Esai Taufiq Wr. adalah rangkaian kata-kata yang tak selalu mengandung makna. Selebihnya, sebagian besar, mengandung pesan: jadilah seorang pemikir. Kata-kata harus dimainkan. Dan bahasa mengandung bunyi, seperti suara burung. Menulis menjadi asik, bahwa kata-kata, di samping mengantarkan pengertian, ia pun menyimpan banyak makna. Sebuah esai Taufiq Wr. Hidayat adalah rangkaian kata dalam bahasa yang utuh. Gaya bahasanya menjadi kebiasaan yang tetap: mengalir seperti sungai yang bening dan sejuk. Kita bisa mancing ikan di sana. Tapi kita pun merasakan ada jeda untuk menarik nafas, seperti meliuk mengikuti kelokan sungai ke muara. Jeda itu sebentuk informasi tentang pemikiran sejumlah tokoh. Datang dari Barat dan Timur. Juga pemikir dunia yang dianggap hebat. Taufiq berusaha membumikan pemikiran tokoh itu. Sengaja dikutip, diterjemahkan dengan bahasanya sendiri. Kemudian dikaitkan, menguatkan topik yang tengah ia perbincangkan. Dalam proses menulis, ada ingatan pada penulis lain, juga sekian tempat dan peristiwa. Taufiq Wr. Hidayat terasa begitu mudah memungut kenangan. Kehidupan di Wongsorejo misalnya, menjadi gambaran yang menjiwai narasi dalam esainya yang tak usai-usai. Daerah kering di Utara Banyuwangi itu menjadi sumber kreatif. Juga perihal pasar Rogojampi dan Kiai Sutara.
Banyuwangi, 2020.
*) Fatah Yasin Noor, lahir di Banyuwangi tahun 1962. Puisi-puisinya dalam antologi API (Angkatan Penyair Indonesia, 1998). Esai-esainya bagai nyanyian ganjil -mengusung sesuatu yang nyaris tak tertangkap publik. Sajak-sajak tunggalnya terkumpul dalam buku “Gagasan Hujan” (PSBB, 2003), “Rajegwesi” (PSBB, 2009). Kumpulan catatannya yang unik dan panjang terhimpun dalam “Seribu Jalan Raya” (PSBB, 2011). Tulisannya tersebar di media-media massa nasional dan lokal, Kedaulatan Rakyat, Jawa Pos, Majalah Budaya Jejak dan Bali Post. Puisinya yang dimuat di koran Bali Post itulah yang menarik, waktu itu redakturnya Umbu Landu Paranggi. Tahun 1979, esainya yang kritis berjudul “Film Nasional, Sebuah Tanggapan” dimuat media sastra legendaris dan pertama kali di Banyuwangi, Kertas Budaya Jejak, besutan alm. Pomo Martadi dan Hasnan Singodimayan.
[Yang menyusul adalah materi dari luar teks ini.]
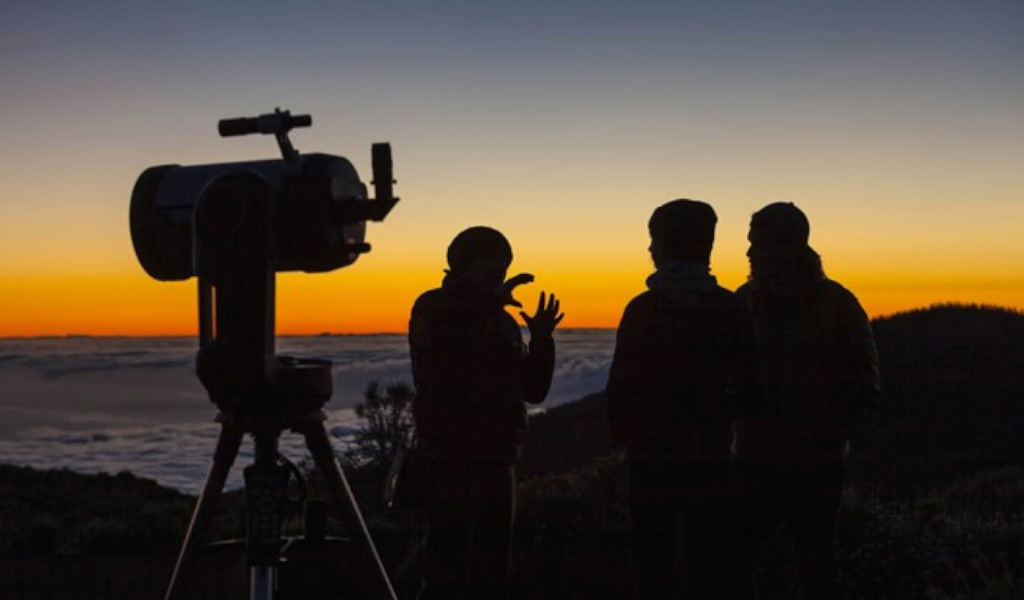 People watching the sunrise with a telescope in Tenerife.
Fatah menempuh pendidikan menengah dan tinggi di Yogyakarta, -boleh jadi tradisi berpikir kritisnya terbangun dari sana. Di Banyuwangi, nyaris media sastra tidak lepas dari tangan dinginnya. Ia Pimred jurnal Sastra-Budaya Lembaran Kebudayaan, dan pernah mengomandani kelompok budayawan serta seniman yang menolak Dewan Kesenian Banyuwangi (DKB) tahun 2002. Ia bersama gerbong para budayawan “bawah tanah” sempat mendirikan DKB-Reformasi, sebagai tandingan DKB “pemerintah” bergaya Orba waktu itu. Gerak budaya yang dikerjakan sastrawan nyentrik ini tak bisa dianggap remeh, terbukti “gerbong” DKB-R produktif melahirkan karya-karya berkualitas secara berkala dan melakukan kajian sastra pula penulisan sejarah Banyuwangi. Tahun 1998, menjadi salah satu dari kelompok muda yang menghadirkan alm. W.S. Rendra di Gedung Wanita, Banyuwangi, dalam peluncuran buku puisi para penyair Jawa-Bali “Cadik”, sehari sebelum tumbangnya Soeharto! Di masa itu bukan main-main mengadakan kegiatan sastra yang kritis berhadapan dengan aparat. Di tahun itu juga, bersama penyair dan budayawan lain, ia mengemukakan sikap anti kekerasan menyoal peristiwa “santet” di Banyuwangi.